Я нажала себе на глаза, но сцены насилия продолжали разыгрываться на внутренней поверхности моих горящих век. Мне почудилось, будто с меня живьем сдирают кожу, будто все мои внутренности открыты стихиям, а верхушка головы срезана и мозги вылезли наружу. Каждый нерв ощущает только боль. Боль — это единственная реальность. «Это неправда, — сказала я. — Вспомни дни, когда тебе было приятно, когда ты была счастлива жить, когда ты чувствовала радость настолько большую, что, казалось, она сожжет». Но я не могу вспоминать. Я распята собственным воображением. И мое воображение так же ужасно, как история мира.

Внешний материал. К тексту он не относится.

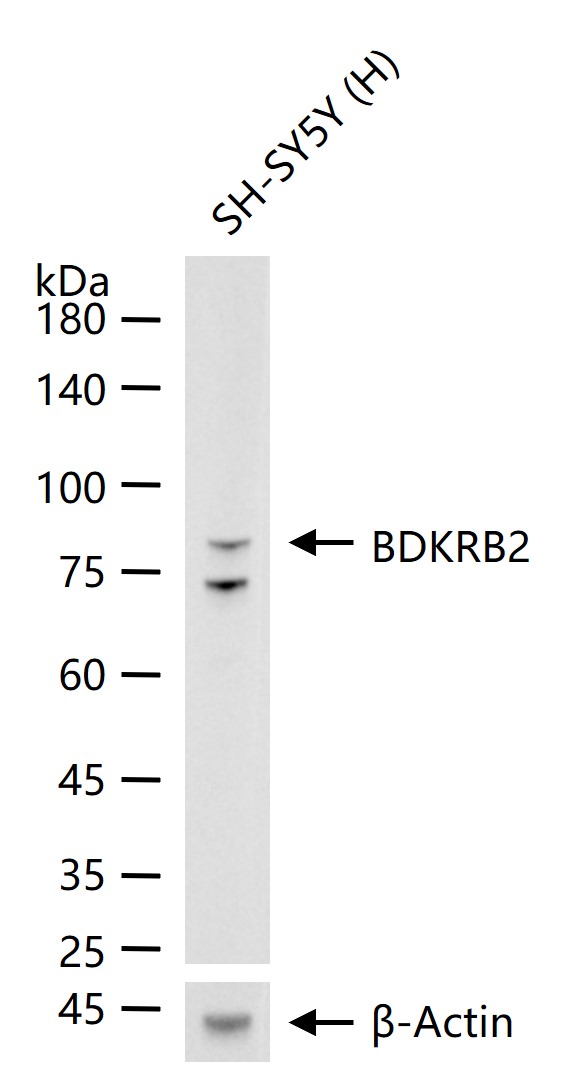 缓激肽B2受体重组兔单抗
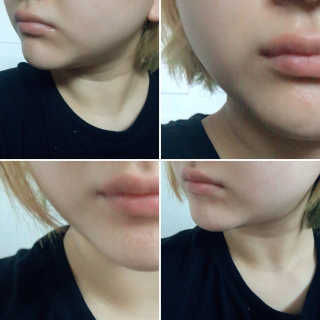 메디미 브이미 업 2스텝 브이라인벨트 — 4.17점을 준 리뷰어가 2017년 9월 올린 사용 사진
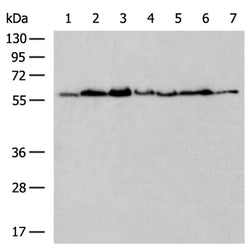 PEX14 rabbit polyclonal antibody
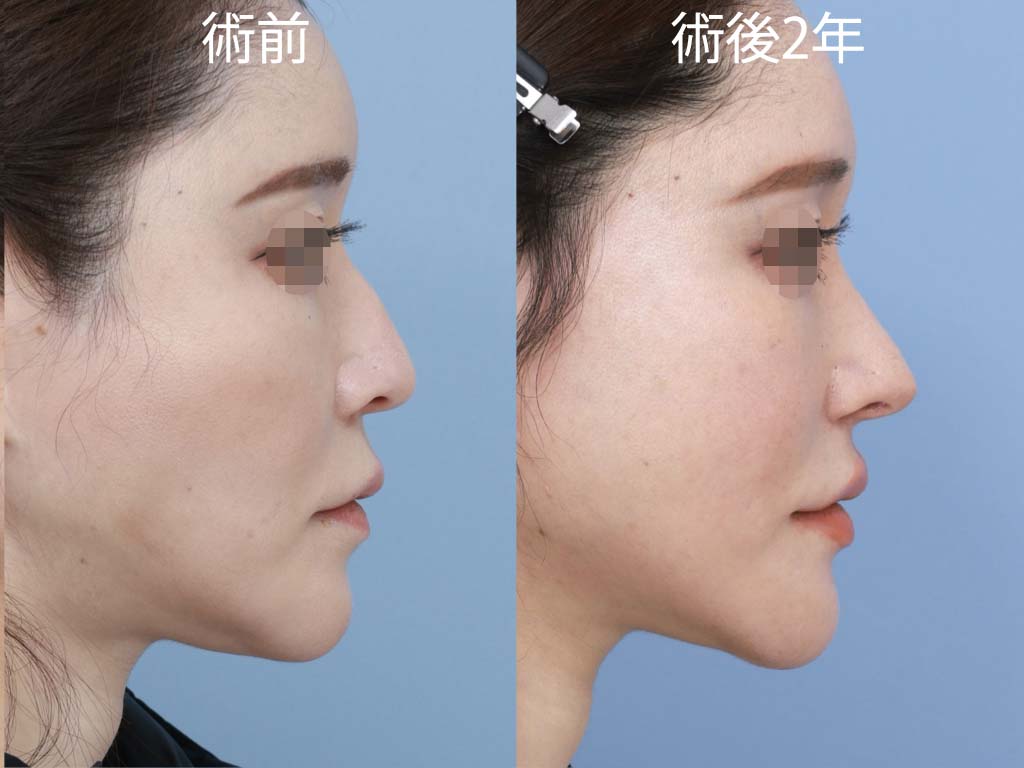 プリザベーション法，プッシュダウン，レットダウン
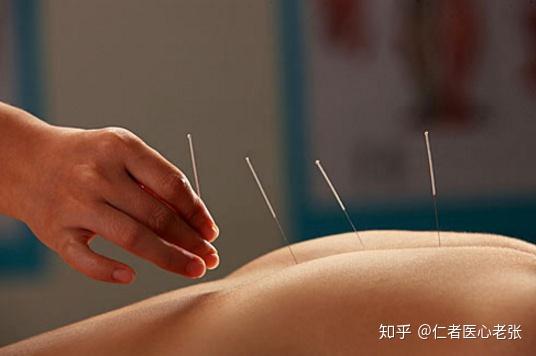 你所不知道的针灸治疗颈椎病的神奇效果 知乎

Я думаю про мое первое путешествие в Европу, когда мне было тринадцать. Мы провели шесть недель в Лондоне, посещая наших английских родственников, оглядывая достопримечательности, оставляя огромные счета у Клариджа, который, как говорил отец, «оплачен дядюшкой Сэмом…» Какой, однако, богатый дядя. Но я провела все путешествие под ужасным впечатлением, которое произвели на меня орудия пыток в лондонском Тауэре и восковые кошмары мадам Тюссо. Я никогда раньше не видела тиски для пальцев и дыбу. Я никогда не могла себе представить такое.